Il faut encore se dépouiller intérieurement pour mieux accueillir l’autre dans l’humilité: Il n’y a de dialogue possible, de rencontre, que si chacun est profondément convaincu de sa faiblesse, de sa petitesse, de sa pauvreté et s’il a la conviction que lui, comme l’autre, ne tiennent que par la miséricorde de Quelqu’un.
L’esprit de pauvreté est donc un préalable à toute rencontre, elle-même prélude au dialogue, un exercice bien difficile car il faut pour cela franchir des abîmes d’ordre politique, religieux, linguistique et culturel, mais la récompense est au bout : Chaque rencontre est le lieu d’une révélation, chaque personne a une dignité infinie. Rencontrer l’autre, son semblable, dans sa différence, est source inépuisable de richesses, pour Pierre une vraie passion: Je donne ma vie, depuis toujours, pour le dialogue.

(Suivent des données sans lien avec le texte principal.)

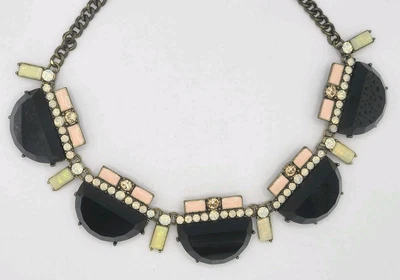 Collar Distintivo Barra de Chuchería Rosa y Negro Estilo Art Deco Estrás Firmado  Foto 1 de 4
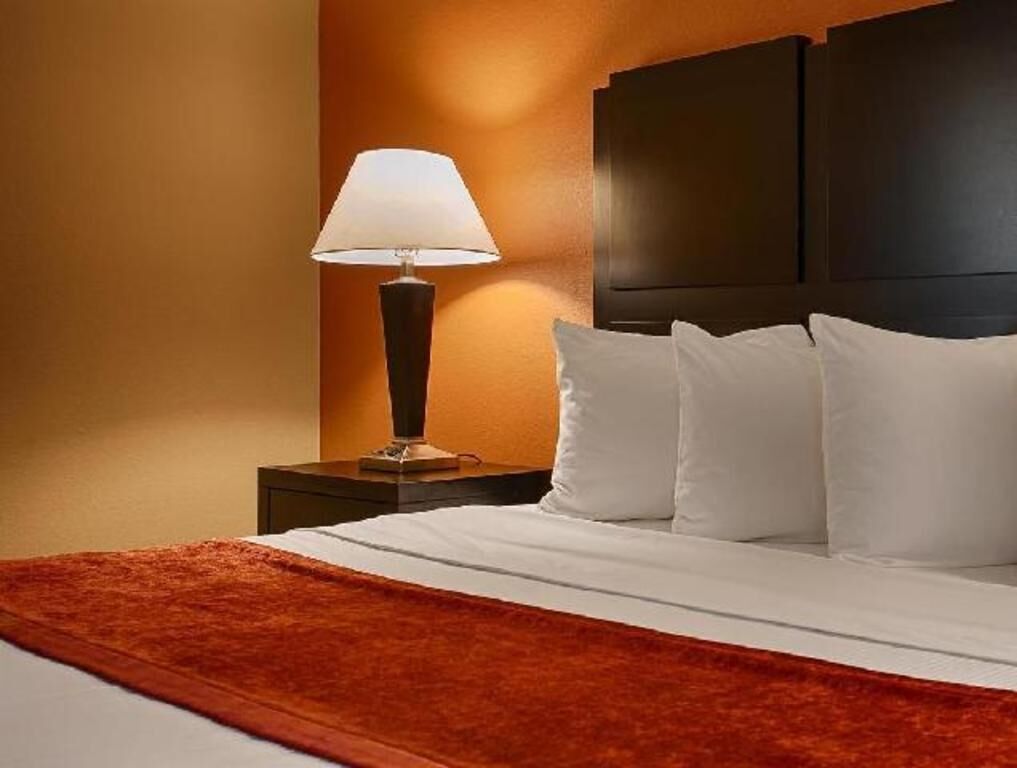 Desk, iron/ironing board, WiFi, bed sheets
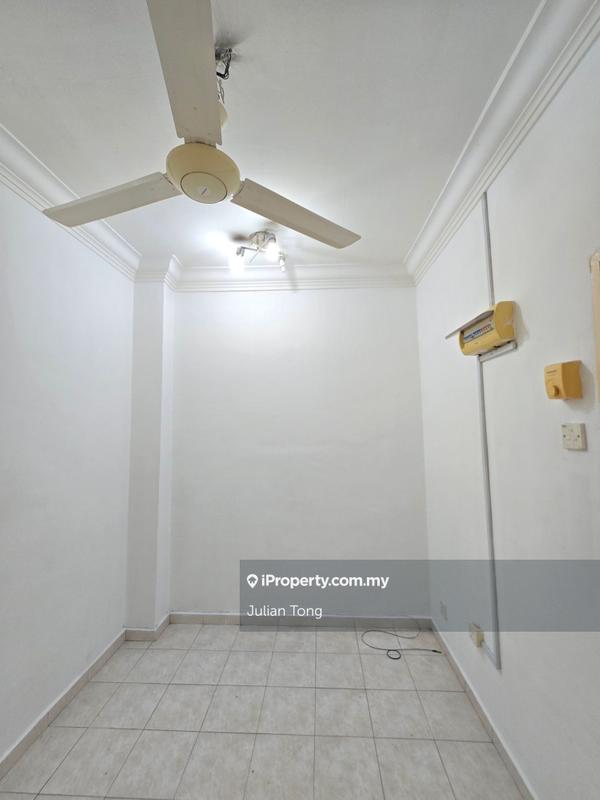 Rumah Teres 2-Tingkat untuk Dijual di Taman Desa Indah, Nilai oleh Julian Tong - iProperty.com.my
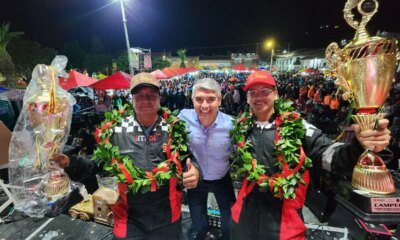 Padre e hijo, Fueron Los Campeones del Concurso Nacional de Tractomulas en Reversa que Convocó A los 154 Del País en Samacá de los 154 Mejores 'Muleros' en Samacá, Boyacá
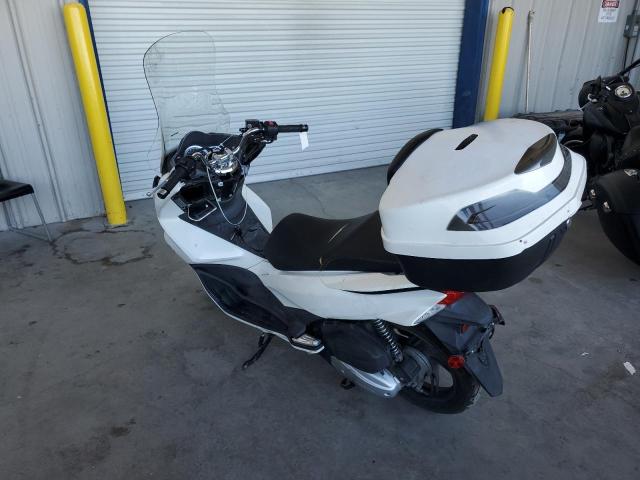 Image 2 of 2015 HONDA PCX 150 2015 with VIN RLHKF1802FY002487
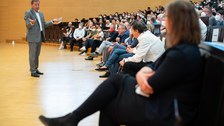 Clemens Kirschbaum, Sprecher des Bereichs Mathematik und Naturwissenschaften begrüßt das Publikum im Audimax.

Nul ne possède la vérité, chacun la recherche. Si la vérité est unique, nos regards sont pluriels. La vérité de l’autre, c’est en réalité la part de vérité qui est la sienne, celle qu’il perçoit. J’ai besoin de la vérité des autres. Pour Pierre, nous avons tous besoin de nous écouter mutuellement, d’autant plus que nous sommes différents. Nul ne perd son identité dans cette écoute, mais chacun l’enrichit. Il est alors possible d’accéder par le haut à une vérité plus grande que nos petites vérités partielles.
Pierre aime à dire que le climat autour de Jésus est d’abord un climat de rencontre. Autour de lui les personnes se rencontrent, il rencontre les personnes. On pourrait dire un climat de communion, une présence personnelle. Ne sommes-nous pas tous sur des chemins d’Emmaüs ? « Je suis le chemin, la vérité et la vie. Nul ne vient au Père que par moi ». (Jn, 14, 6). Pierre dit encore : le maître-mot de ma foi est le dialogue. C’est Dieu qui s’invite au cœur de toute rencontre.
Le 1er août 1996, une bombe attend Pierre et le tue sur les marches de sa chapelle.